After a few ambiguous mutterings about the smoothness of Jasmine’s animated curves and her spicy Indian attitude, I gave in and admitted that my real live non-girlfriend was much more attractive than any 2-Dimensional floozy.
This however was not true.
Jasmine is way hotter than my non-girlfriend or any girl that I have known, period.
At first I thought I was weird for feeling this way and tried to hide my attraction for cartoon women. Thankfully, the internet is a big place, and everyone can find their niche. I discovered I wasn’t alone. Toon porn sites abound on the internet, and former pervert doodlers like Jab! can become virtual celebrities if their Mrs. Jetson sketches come close enough.
I realized that what some consider an “abnormal fetish” for cartoon women is actually just a pretty commonplace attraction that often runs parallel to most men’s attraction to real women.

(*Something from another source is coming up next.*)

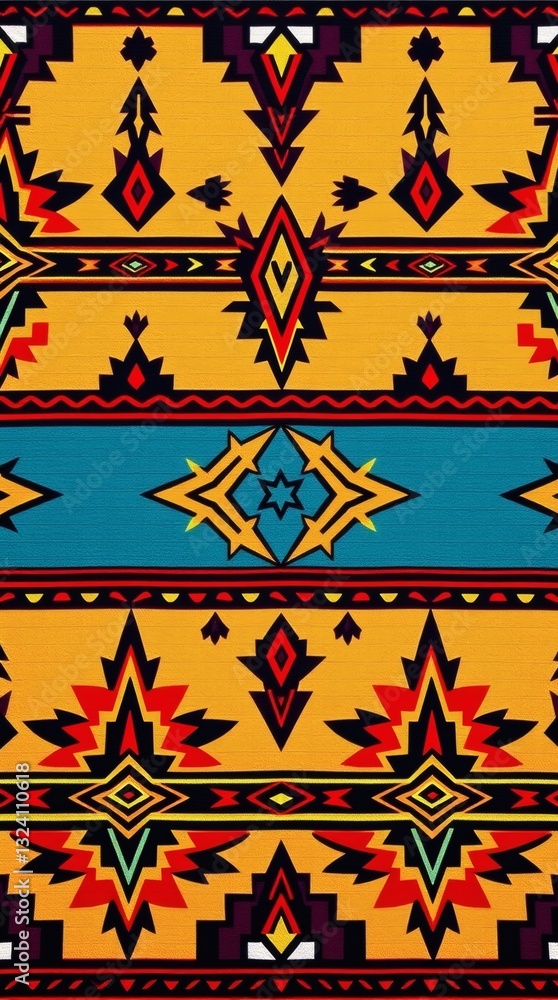 Poster a colorful pattern with indigenous style patterns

So what is it about these cartoon women that turn us on, sometimes more than pictures of “real women?” (I use quotations here to point out that photographs of live women are also 2-dimensional and often so photoshopped as to be considered animations themselves, but that is a debate for another day)
I blame Disney.
Like the generations before us, we grew up watching the Disney movies. Our concepts of right and wrong, our perceptions of violence, our introduction to love, were all rooted in these animated films that we watched over and over and over. As each Hero or Heroine overcame their obstacles, we saw them rewarded with an ideal romantic partner. Aladdin won Princess Jasmine, Ariel won Prince Eric, etc.
As children, we looked to the Heros for our perception of masculinity and the Heroines for our perception of femininity. Carl Jung calls this feminine perspective the Anima, or “the unconscious idea of the feminine.” Jung believed that the Anima is formed most heavily from a man’s mother, but is also influenced by other females encountered in a man’s life.

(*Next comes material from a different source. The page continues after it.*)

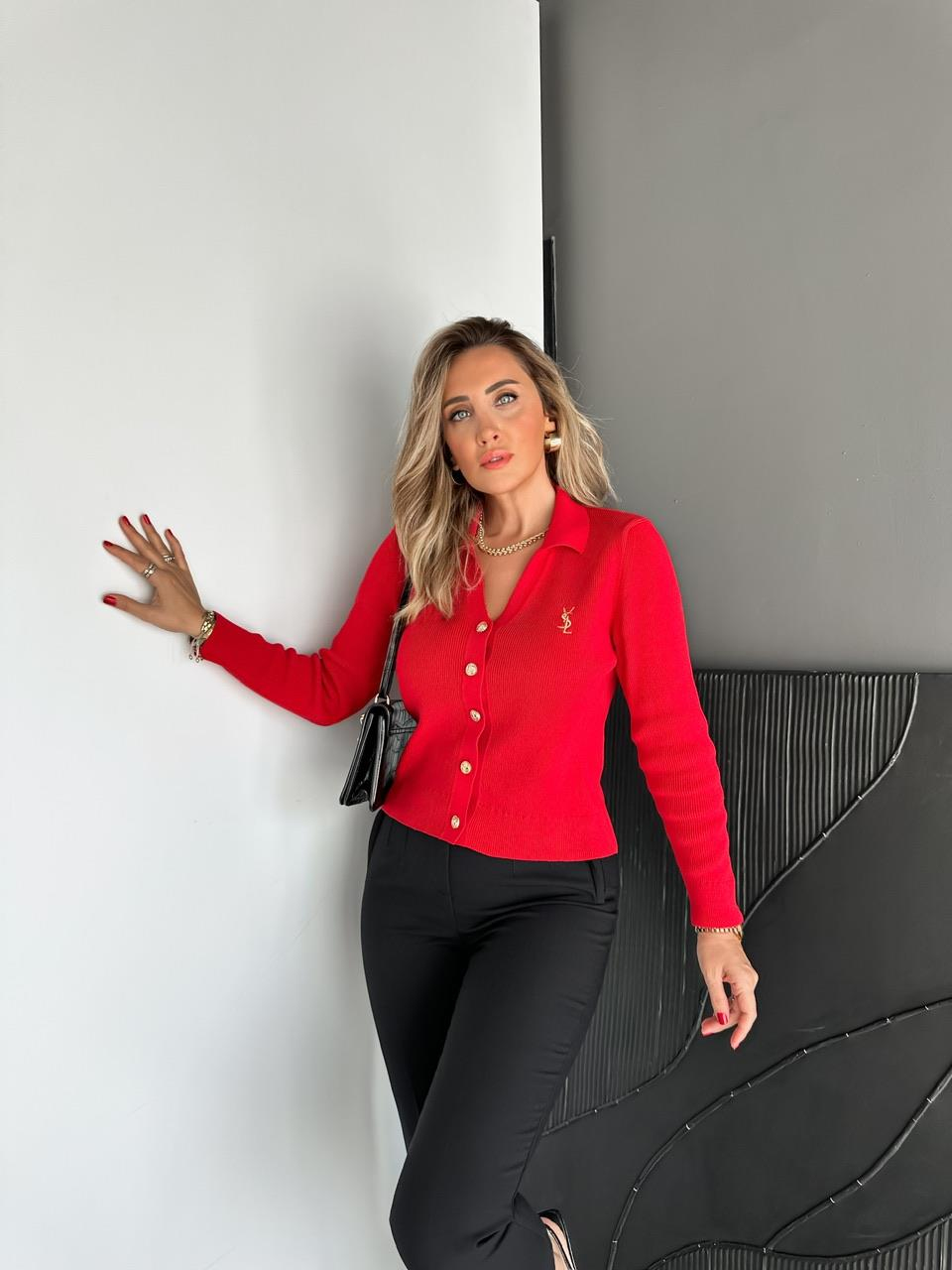 Kırmızı Nakışlı Marka Model Hırka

To grossly oversimplify, we as males our often guilty of being attracted to and falling in love with women that we unconsciously feel fit our idea of the Anima. As a generation that grew up with the TV, our Anima (and more generically our concepts of love, sexuality, and gender roles) has been heavily influenced by cartoon women. The Disney Princesses are, for many men, the ideal manifestation of the female.
When we see an image of a cartoon woman, we see a reflection of all our expectations of the female, with none of the physical, emotional, or logistical reality checks to hold back our imagination and sexual appetite. How many times have you seen a picture of a beautiful woman that was perfect except for one small thing that just didn’t do it for you? Cartoon women are devoid of these perceived “defects,” and are created with the sole purpose of conjuring up a mental projection of an ideal woman. (Plato’s Forms anyone?)
Long story short, next time your girlfriend or non-girlfriend tries to give you some shit about wanting to do Pocahontas in her hot leather mini-skirt, quote some Jungian psychology and watch her scramble for some justification. Because we all know girls don’t read!